- _WORK TO BE COMPLETED_:
Keep the pictures out, please, and set down every record exactly.

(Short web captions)
******************************

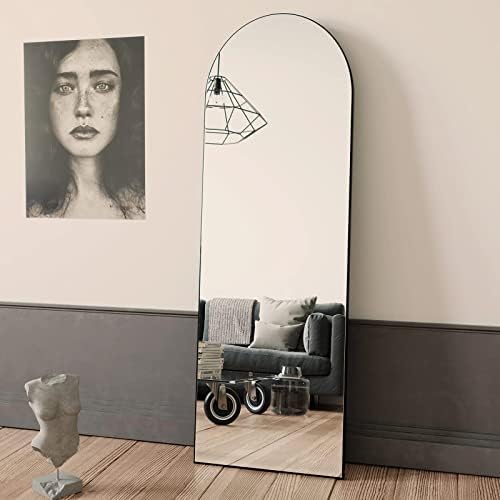 BEAUTYPEAK 64"x21" Arch Full Length Mirror, Hanging or Leaning Arched-Top Full Body Mirror with Stand for Bedroom, Dressing Room, Black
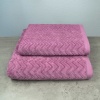 Набір махрових рушників Жакардових з велюром 2шт GM Textile 50x90см, 70x140см 550г/м2 (Фіолетовий)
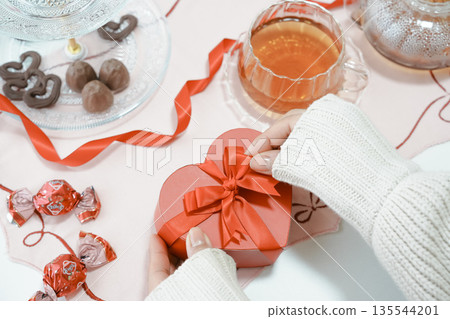 Valentine's Day image: gift box and chocolates 135544201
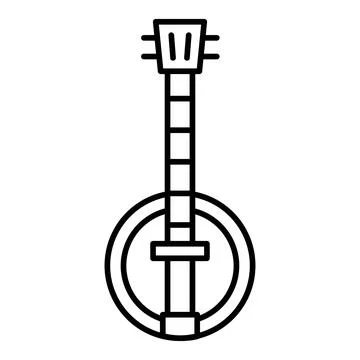 Banjo Line Icon Stock Illustration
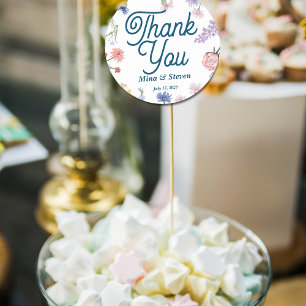 Sticker Rond Mariage de Merci fleur sauvage violet et rose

******************************

- _WRITTEN SOLUTION_:
 BEAUTYPEAK 64"x21" Arch Full Length Mirror, Hanging or Leaning Arched-Top Full Body Mirror with Stand for Bedroom, Dressing Room, Black
 Набір махрових рушників Жакардових з велюром 2шт GM Textile 50x90см, 70x140см 550г/м2 (Фіолетовий)
 Valentine's Day image: gift box and chocolates 135544201
 Banjo Line Icon Stock Illustration
 Sticker Rond Mariage de Merci fleur sauvage violet et rose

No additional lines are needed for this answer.